The NPC and experts’ observations come from a study NPC conducted recently through its Malawi Priorities Project supported by the African Institute for Development Policy (Afidep).
The study identified maize and groundnuts as high-value crops with the potential for export growth.
The study also found that by lifting the maize export ban, the economy could annually gain K61 billion, representing one percent GDP from the crop while K6.3 billion is projected from groundnuts, representing 0.5 percent of GDP.
Speaking on Thursday in Lilongwe during a panel discussion on how to create wealth through maize and groundnuts exports in Malawi, NPC director general Thomas Chataghalala Munthali noted that government has limited export crops, but maize which continues to be restricted has market potential with high demand in Africa.
He said maize and groundnuts production are commonly championed by smallholder farmers; hence, removing restrictions will economically benefit small-scale farmers and achieve national inclusive wealth creation.
Said Munthali: “The good thing is that Malawians heavily produce maize, including groundnuts and by lifting the export ban, you attract private sector participation.
“Our studies show that if we focus on alternative crops other than tobacco, maize and groundnuts are coming out as some of those crops.
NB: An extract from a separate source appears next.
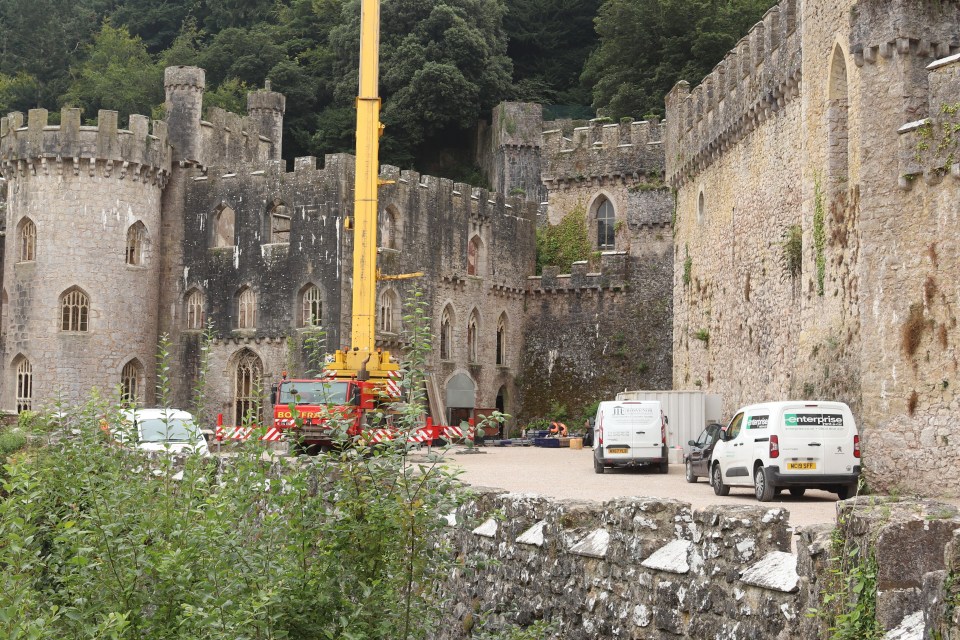 Cranes and workmen are on site reading the historic building ahead of the new series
If we remove restrictions on maize and give freedom to farmers to produce and sell, the benefits are enormous.”
He said the Malawi 2063, the country’s long-term development plan, has agriculture productivity and commercialisation as key pillars; hence, the NPC is working to provide evidence-based policy and plans.
A representative of the private sector investors in the agriculture sector, Pyxus Agriculture managing director Ronald Ngwira advised government to depoliticise maize to make its production and marketing predictable by removing restrictions for economic benefits.
On his part, AHL Group operation executive Davis Manyenje and Agricultural Commodity Exchange for Africa chief executive officer Christian Moller agreed that Malawi can benefit from food deficits of countries in the region to export maize and groundnuts.
On his part, Agriculture Commercialisation project national coordinator Ted Nakhumwa said the country can leverage on cooperatives the Agcom is working with to produce in bulk given ready maize markets.
Ministry of Trade Principal Secretary Christina Zakeyo said government will from time to time review the policy on maize through the domestic food balance sheet assessment to ensure the balance between national food needs and export demands.